CP
Cody Priestley
  • McMillan, MI

SVSU student Cody Preistley, of Mcmillan , designing General Motors mechanism for senior design project

2014 Aug 28

Three Saginaw Valley State University mechanical engineering students -- Cody Preistley, of Mcmillan , and Trevor Barkiewicz and Mike Vogtmann -- as part of their senior design project are building a quench tank sand removal system for General Motors.

A quench tank is filled with water and cools incinerator residues and hot materials during industrial processes.

The students have proposed a design for the project and plan to build the mechanism in the coming months.
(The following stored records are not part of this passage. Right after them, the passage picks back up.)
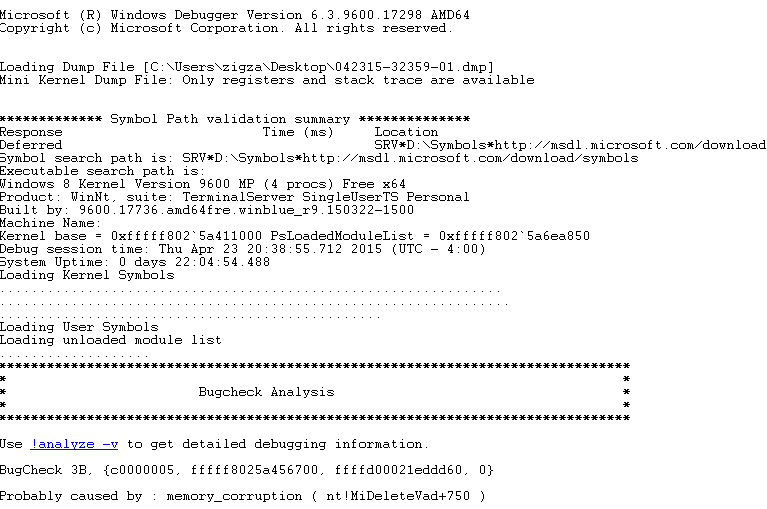 BSOD ntoskrnl.exe+fbbc4, halmacpi.dll+82be - Microsoft Q&A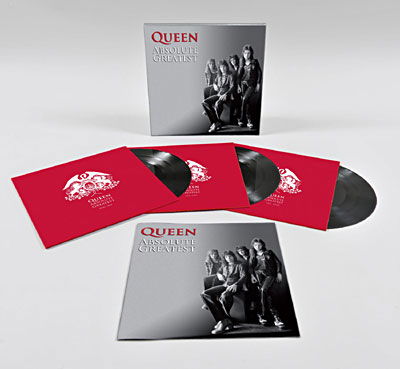 Cover for Queen · Absolute Greatest (12&quot;) [Limited edition] (2009)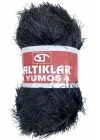 1 Adet Yumoş Sakallı El Örgü Ipi Yünü SİYAH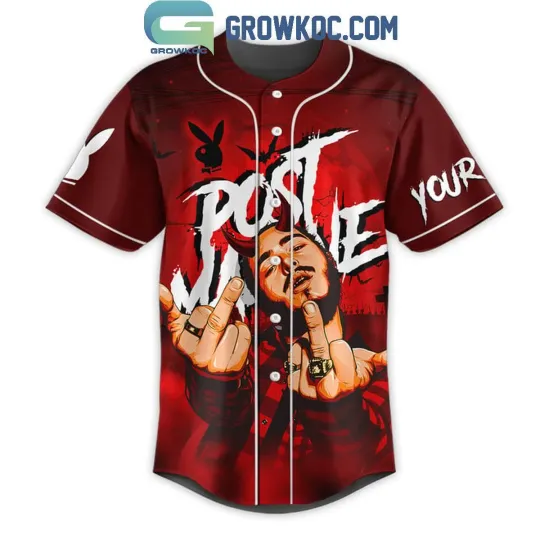 Post Malone Leave Me Alone Personalized Baseball Shirt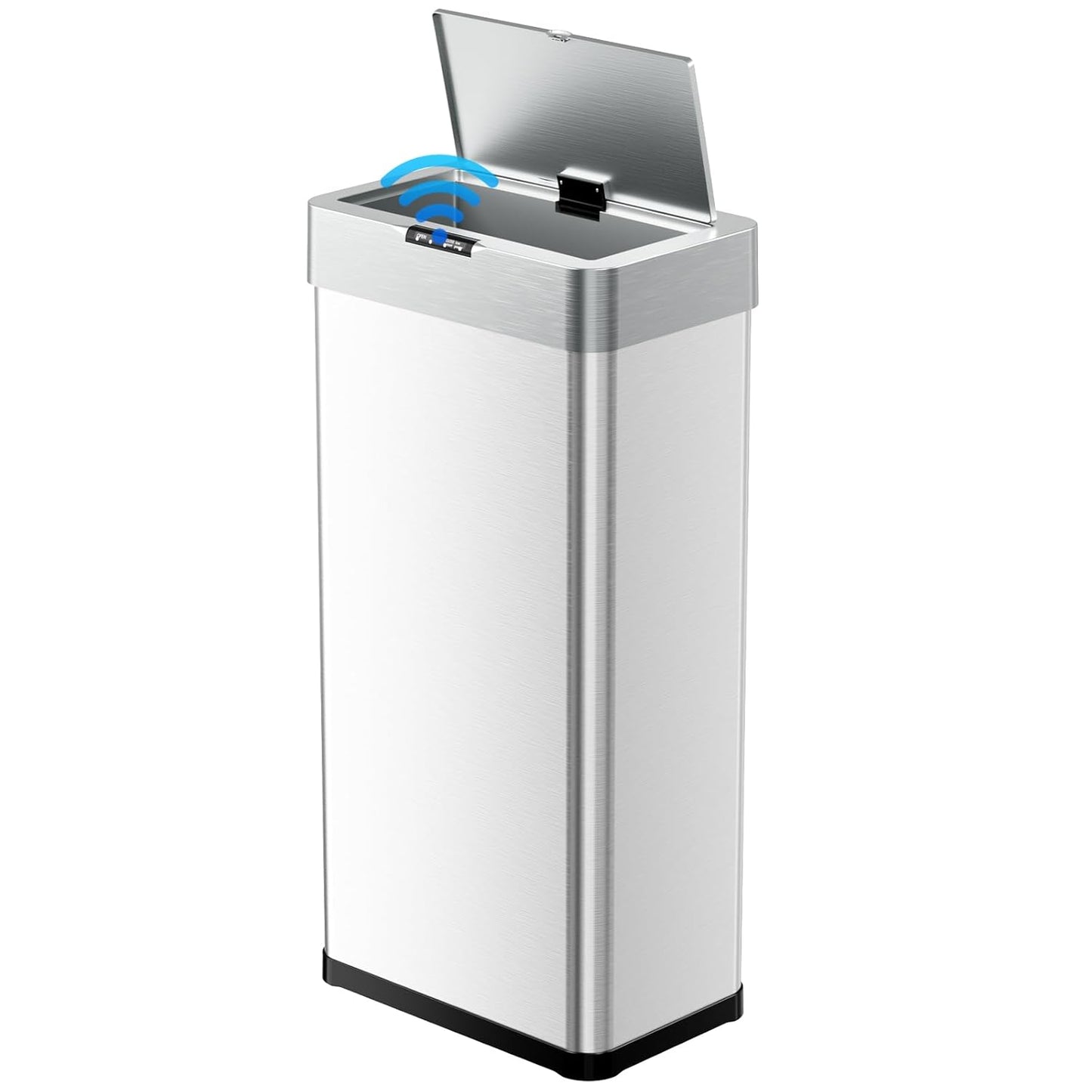TLSUNNY 16 Gallon Motion Sensor Trash Can,Touchless Automatic Garbage Can,Brushed Stainless Steel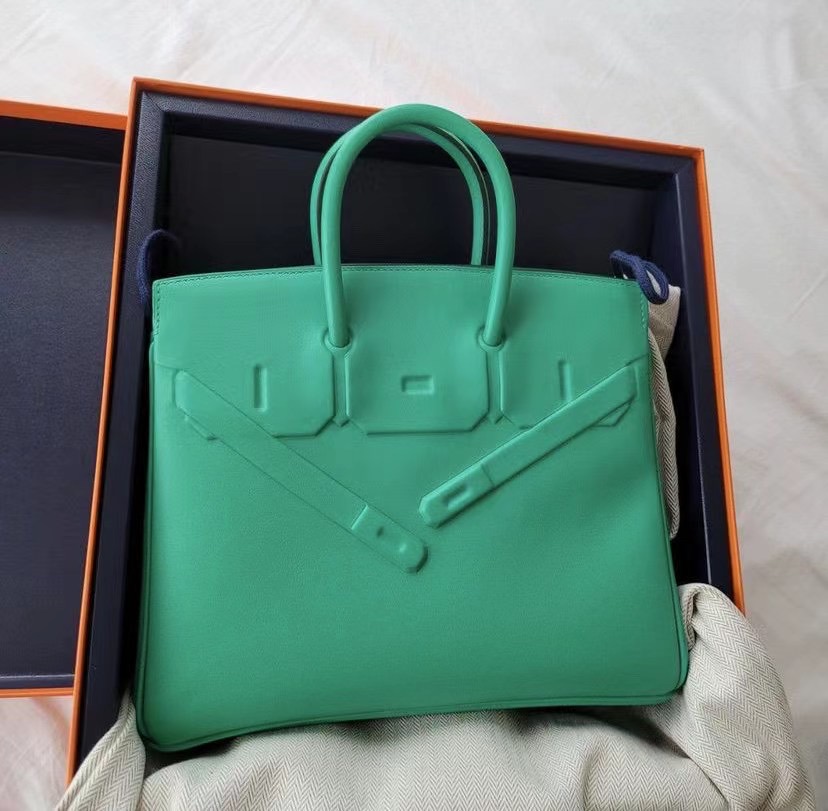 Los Angeles USA Hermes Birkin Shadow 25cm Swift  6W Menthe 薄荷綠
The existing quench tank route has pipes that are at 90-degree angles, which can cause a build-up of the solid materials that are supposed to be discharged. This can result in bursting, clogging and leaking pipes, something the students hope to reduce.

The proposed route, designed by Barkiewicz, Priestley, and Vogtmann, will fix those glitches, the students say. More direct flow in the piping, high pressure rinse nozzles in the piping, and changes in the valves would help with their objectives to remove solid material from the quench tank while maintaining water levels and temperatures. Those solutions would, in turn, increase reliability and decrease maintenance.

The trio was among 26 students who participated in SVSU's mechanical engineering symposium Friday, Aug. 15, when students presented their senior design projects to students, faculty, staff and other guests who visited the Pioneer Hall event. All mechanical engineering students are required to have a company sponsor their project and must complete a working prototype in order to graduate.